Don’t they know? It’s best to wear them right out on your sleeve. Be proud of them. To show your fear. Do it anyway. Be proud of your girlish screams not of delight but blood curdling fear. It’s ok to be afraid. It’s ok to have a few days where it hurts to breath. Where your too heavy is too heavy and full. The world has consumed you and you feel you could drown. That’s where it comes from.
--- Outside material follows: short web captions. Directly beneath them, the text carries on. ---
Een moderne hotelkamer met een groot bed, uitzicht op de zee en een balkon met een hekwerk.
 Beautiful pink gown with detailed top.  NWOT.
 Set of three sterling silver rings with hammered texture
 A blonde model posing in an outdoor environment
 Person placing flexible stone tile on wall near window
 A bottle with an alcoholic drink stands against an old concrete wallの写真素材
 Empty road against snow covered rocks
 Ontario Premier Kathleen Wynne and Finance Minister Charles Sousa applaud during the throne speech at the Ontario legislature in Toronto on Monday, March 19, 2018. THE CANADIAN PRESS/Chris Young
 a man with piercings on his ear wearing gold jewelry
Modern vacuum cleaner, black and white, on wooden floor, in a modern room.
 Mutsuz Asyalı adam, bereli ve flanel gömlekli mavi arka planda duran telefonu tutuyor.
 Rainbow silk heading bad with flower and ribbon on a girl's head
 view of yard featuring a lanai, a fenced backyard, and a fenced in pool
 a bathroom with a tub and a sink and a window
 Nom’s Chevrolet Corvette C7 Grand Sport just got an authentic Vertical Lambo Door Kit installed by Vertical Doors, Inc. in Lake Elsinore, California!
Brave. It’s a far reach right now. It’s not like being brave to go to the dentist. You can’t. Unless you have teeth emergencies. It’s not like being brave and going to the store. Too many arrows on the floor to follow. It’s not like being brave and riding that bike. This is bigger. Being brave and living. Being brave and being brave again. Somedays hurt to be from being so afraid. Feel the pain, they say, when you run. Feel it burn. Let it push you forward. Why can some do this and some fall? Why am I a fall and get back and keep running? Is that braver than the ones who don’t fall? Or can I just not see as well? I pick rocks out of my knees and keep going, blood dripping down my knees. Breathing easy and through. My face turns red. I can feel my blood moving fast. My eyes are watering. My legs are numb, yet burn. Just do it. Kind of. But be brave and be ok that today is not being less brave. It’s more afraid and still living. Breathing even if it’s hard. But not drowning. That was a dream. This is life, little turtle.